A 51 year old man underwent excision of a soft tissue mass in his foot. Pathology revealed a spindle cell neoplasm with S100 positivity, ultimately classified as a soft tissue sarcoma, not otherwise specified. Comprehensive molecular profiling was performed to help establish the diagnosis and revealed a novel MTAP-RAF1 fusion that includes the tyrosine kinase domain of RAF1.
Our report adds to the spectrum of fusion-driven RAF activation observed in soft tissue sarcomas and lends additional evidence that RAF activation plays an important role in some soft tissue sarcomas. Identification of novel fusions involving the MAPK/ERK pathway in sarcomas may provide new avenues for precision medicine strategies involving targeted kinase inhibitors.
KeywordsSoft tissue sarcoma RAF1 MTAP Fusion Next generation sequencing Molecular diagnostics
Next generation sequencing
Recently, recurrent BRAF gene fusions have been identified in several subgroups of soft tissue sarcomas [1, 2]. To further expand upon the landscape of activating RAF family fusions identified in sarcomas, we report a case of soft tissue sarcoma harboring a novel MTAP-RAF1 fusion. The case was diagnostically challenging as attempts to classify towards a sarcoma subtype were unsuccessful. In addition to sarcoma subtypes, the diagnoses of a spindle cell melanoma variant or clear cell sarcoma were considered given S100 positivity and the biphasic nature of the tumor. In an attempt to aid in the pathological classification of the tumor, comprehensive molecular profiling was performed and interestingly harbored a novel MTAP-RAF1 fusion. To our knowledge, this fusion partnering has not previously been described in the literature to date. Given the potentially high-impact nature and novelty of this finding, we report the clinicopathological details of this case to add to the spectrum of RAF family driven soft tissue sarcomas.

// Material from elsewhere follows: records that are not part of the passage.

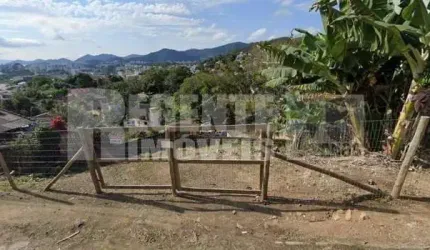Terreno com 587,02m² à venda no bairro Pantanal em Florianópolis.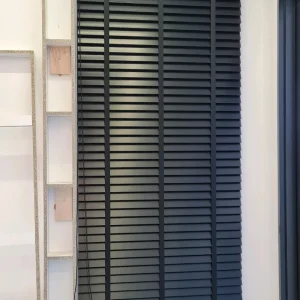wooden blind (50mm)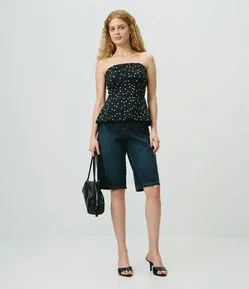 Bermuda Long em Jeans com Cintura Alta e Bolsos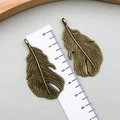 Vintage bronze alloy feather charms with realistic texture and scale measurement - Antique Bronze (133)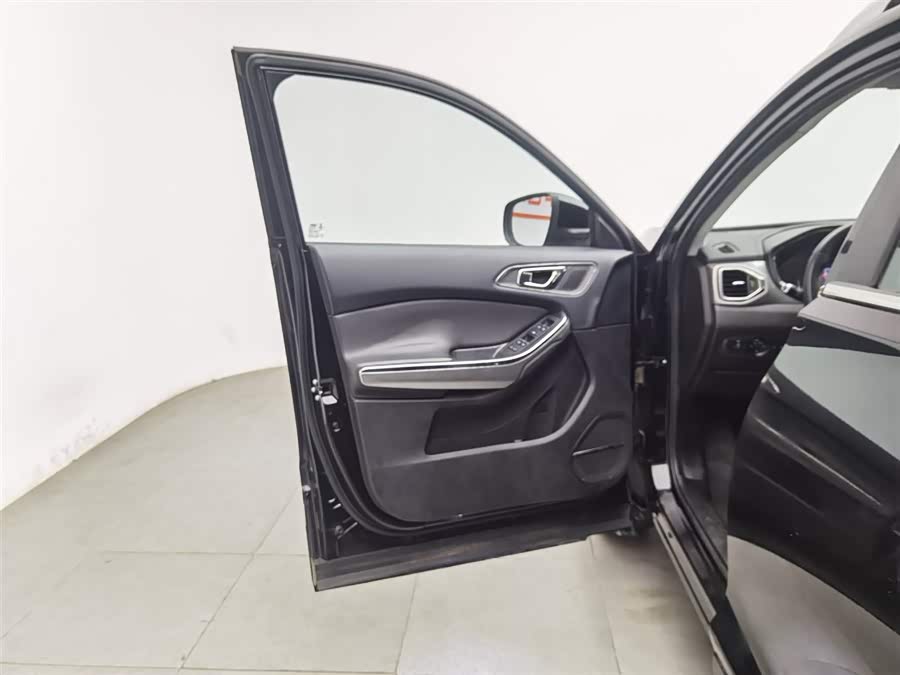 Chery Tiggo 5x 2017 car image #9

S100 positive, SOX10 negative spindle cell malignancy is a broad pathologic differential. This pattern is observed commonly in a number sarcoma subtypes including synovial sarcoma, Ewing sarcoma, rhabdomyosarcoma, and extraskeletal myxoid chondrosarcoma . S100 positivity is also common in ossifying fibromyxoid tumors, though is typically negative in the malignant cases . SOX10 negative melanoma, clear cell sarcoma, and malignant peripheral nerve sheath tumor (MPNST) are also diagnostic possibilities. We therefore performed additional molecular profiling studies. There was retained nuclear staining of INI-1 and H3K27m3 by immunohistochemistry. Molecular testing performed and interpreted at University of Nebraska, Omaha NE reported the tumor as negative for fusion of the EWSR1 (22q12) and ATF1 (12q13) loci, negative for rearrangement of the TFE3 (Xp11) locus, and negative for fusion of the EWSR1 (22q12) and CREB1 (2q33.3) loci. Additionally, no SS18/SSX1 or SS18/SSX2 fusion transcript was detected by RT-DNA amplification. Given the lack of a more specific molecular finding, the malignant S100-positive tumor was therefore favored to be a soft tissue sarcoma that could not be further subtyped, though could not rule out either a spindle cell melanoma or a fusion-negative clear cell sarcoma.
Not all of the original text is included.